Ministry of Business, Innovation, and Employment | Data Scientist
Nilani is a Data Scientist with the Data Science team at the Ministry of Business, Innovation and Employment (MBIE). Coming from an academic background she has leveraged Python to solve a variety of statistical, analytics, and data science problems. Nilani is committed to making sophisticated data science concepts accessible to non-technical stakeholders, enabling organizations to leverage data for measurable business outcomes.
Abstract
Organizations across both the public and private sectors frequently manage datasets that lack unique identifiers, such as client numbers or national IDs. This absence creates significant challenges in accurately linking records that belong to the same individual or entity.
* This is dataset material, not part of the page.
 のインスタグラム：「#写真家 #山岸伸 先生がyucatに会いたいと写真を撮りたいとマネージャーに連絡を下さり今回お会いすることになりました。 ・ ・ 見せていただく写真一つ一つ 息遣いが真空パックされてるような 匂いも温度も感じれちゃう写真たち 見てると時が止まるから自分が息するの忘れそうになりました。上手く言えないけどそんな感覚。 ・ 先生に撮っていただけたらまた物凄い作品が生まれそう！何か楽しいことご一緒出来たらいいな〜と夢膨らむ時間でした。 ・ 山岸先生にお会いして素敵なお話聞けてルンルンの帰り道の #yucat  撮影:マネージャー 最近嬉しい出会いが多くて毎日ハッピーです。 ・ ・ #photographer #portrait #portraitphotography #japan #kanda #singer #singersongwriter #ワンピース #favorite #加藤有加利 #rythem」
Without reliable linkage, organizations face issues which can negatively impact decision-making and service delivery, such as duplicated records, fragmented profiles, inconsistent reporting, and reduced data quality.
Probabilistic record linkage provides a powerful approach to address these challenges by estimating the likelihood that two records refer to the same entity based on a combination of non-unique attributes, such as name, gender, and date of birth. Unlike deterministic methods, which require exact matches, probabilistic techniques allow for flexibility in handling typographical errors, missing values, and variations in data entry.
In this talk, we will showcase how Python, and specifically the Splink library, can be leveraged to design and implement scalable probabilistic record linkage systems. We will walk through the core principles behind Splink, demonstrate its capabilities for handling large datasets, and share practical lessons learned from real-world implementation.